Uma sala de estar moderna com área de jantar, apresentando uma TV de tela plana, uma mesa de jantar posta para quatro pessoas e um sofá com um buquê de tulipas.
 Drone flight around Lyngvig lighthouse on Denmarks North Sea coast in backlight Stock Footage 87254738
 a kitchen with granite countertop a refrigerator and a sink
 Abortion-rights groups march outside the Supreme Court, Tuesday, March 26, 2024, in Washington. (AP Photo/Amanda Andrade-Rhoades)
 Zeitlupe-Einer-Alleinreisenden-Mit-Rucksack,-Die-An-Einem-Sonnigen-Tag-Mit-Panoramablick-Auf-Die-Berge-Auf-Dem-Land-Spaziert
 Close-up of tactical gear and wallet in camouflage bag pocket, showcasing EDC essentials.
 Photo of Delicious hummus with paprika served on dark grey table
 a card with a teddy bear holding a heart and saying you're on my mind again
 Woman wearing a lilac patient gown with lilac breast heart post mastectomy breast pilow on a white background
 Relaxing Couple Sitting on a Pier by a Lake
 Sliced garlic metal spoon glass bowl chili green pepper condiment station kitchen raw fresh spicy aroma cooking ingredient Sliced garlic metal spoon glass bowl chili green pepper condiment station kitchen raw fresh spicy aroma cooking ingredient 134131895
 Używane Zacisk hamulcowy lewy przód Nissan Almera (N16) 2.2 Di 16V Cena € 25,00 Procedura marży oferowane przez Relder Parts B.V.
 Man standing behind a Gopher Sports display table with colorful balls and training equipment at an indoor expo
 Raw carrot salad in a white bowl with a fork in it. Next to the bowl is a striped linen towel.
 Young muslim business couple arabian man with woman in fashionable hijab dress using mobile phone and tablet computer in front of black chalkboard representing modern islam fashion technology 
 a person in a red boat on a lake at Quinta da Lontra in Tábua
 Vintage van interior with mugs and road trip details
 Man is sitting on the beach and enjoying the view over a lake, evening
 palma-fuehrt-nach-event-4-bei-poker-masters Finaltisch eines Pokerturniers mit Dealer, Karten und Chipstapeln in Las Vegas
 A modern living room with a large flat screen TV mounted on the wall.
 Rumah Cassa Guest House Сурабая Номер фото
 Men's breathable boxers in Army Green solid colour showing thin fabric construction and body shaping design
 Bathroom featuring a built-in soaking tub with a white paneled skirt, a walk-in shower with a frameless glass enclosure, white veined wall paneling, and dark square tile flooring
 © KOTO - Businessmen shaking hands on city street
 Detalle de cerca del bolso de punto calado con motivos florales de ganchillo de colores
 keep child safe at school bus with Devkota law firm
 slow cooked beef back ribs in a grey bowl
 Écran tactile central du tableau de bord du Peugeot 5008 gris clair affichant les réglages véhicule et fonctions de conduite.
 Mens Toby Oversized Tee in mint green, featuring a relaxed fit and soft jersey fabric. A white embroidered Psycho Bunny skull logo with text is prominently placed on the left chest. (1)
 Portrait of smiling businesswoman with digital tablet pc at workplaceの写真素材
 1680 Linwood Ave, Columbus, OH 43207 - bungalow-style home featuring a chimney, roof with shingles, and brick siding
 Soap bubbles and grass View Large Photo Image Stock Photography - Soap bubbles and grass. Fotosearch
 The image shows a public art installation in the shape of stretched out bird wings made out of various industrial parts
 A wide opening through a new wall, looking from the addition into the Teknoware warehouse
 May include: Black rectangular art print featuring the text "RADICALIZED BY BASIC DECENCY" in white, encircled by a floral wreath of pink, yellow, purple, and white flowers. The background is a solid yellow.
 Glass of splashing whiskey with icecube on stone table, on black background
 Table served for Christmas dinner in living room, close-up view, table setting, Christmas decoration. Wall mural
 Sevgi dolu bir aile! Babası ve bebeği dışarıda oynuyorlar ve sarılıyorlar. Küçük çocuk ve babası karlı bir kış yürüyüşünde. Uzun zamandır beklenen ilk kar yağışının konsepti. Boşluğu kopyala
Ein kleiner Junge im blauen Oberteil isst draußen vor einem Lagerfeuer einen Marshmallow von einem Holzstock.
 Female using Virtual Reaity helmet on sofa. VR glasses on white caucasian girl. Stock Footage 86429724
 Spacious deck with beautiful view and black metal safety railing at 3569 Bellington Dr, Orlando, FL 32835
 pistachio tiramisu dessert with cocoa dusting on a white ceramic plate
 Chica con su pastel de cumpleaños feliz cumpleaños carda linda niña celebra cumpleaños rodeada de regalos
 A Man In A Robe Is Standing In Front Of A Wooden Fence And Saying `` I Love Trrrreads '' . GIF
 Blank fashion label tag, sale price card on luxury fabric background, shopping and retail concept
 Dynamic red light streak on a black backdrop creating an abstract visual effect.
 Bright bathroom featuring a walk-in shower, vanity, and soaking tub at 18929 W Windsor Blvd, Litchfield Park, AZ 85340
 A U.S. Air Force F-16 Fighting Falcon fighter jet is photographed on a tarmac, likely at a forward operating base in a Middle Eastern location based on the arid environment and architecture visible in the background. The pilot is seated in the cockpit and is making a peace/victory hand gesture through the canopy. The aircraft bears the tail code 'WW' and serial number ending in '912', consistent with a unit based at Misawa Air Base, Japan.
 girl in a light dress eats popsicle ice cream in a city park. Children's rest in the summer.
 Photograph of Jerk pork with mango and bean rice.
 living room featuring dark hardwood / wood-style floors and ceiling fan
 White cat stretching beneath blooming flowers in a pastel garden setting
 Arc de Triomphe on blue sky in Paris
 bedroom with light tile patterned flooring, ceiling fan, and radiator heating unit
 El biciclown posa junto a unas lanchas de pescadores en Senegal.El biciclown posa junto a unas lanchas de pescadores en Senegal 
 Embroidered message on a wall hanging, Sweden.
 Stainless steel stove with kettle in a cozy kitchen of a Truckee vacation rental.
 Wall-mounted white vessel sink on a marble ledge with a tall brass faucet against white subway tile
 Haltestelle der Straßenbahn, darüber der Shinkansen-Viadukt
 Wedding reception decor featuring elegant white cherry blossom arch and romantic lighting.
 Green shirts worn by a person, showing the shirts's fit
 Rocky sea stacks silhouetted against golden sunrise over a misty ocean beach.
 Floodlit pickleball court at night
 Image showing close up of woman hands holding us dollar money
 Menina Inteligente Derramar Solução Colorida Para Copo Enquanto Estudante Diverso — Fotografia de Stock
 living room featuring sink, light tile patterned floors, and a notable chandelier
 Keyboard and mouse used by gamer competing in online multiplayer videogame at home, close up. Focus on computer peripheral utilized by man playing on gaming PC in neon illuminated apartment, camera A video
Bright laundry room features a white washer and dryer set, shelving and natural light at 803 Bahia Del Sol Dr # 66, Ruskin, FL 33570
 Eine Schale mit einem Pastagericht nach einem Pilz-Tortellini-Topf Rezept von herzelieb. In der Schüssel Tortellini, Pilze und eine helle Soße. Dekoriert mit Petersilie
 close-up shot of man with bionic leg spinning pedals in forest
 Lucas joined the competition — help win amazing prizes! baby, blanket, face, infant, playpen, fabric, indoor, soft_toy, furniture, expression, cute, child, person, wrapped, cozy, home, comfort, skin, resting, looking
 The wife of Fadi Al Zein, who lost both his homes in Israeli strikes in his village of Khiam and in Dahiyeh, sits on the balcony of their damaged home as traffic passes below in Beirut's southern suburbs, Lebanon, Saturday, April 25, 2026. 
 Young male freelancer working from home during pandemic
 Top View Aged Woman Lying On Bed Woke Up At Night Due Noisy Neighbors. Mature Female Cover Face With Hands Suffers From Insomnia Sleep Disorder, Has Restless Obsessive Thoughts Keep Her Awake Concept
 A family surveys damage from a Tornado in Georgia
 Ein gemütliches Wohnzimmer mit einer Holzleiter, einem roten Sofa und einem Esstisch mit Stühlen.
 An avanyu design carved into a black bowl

******

**PROBLEM TO WORK ON:** What lines in the data above contain the word "setting"? Copy them all.

**RESPONSE BOX:**
 Table served for Christmas dinner in living room, close-up view, table setting, Christmas decoration. Wall mural
 White cat stretching beneath blooming flowers in a pastel garden setting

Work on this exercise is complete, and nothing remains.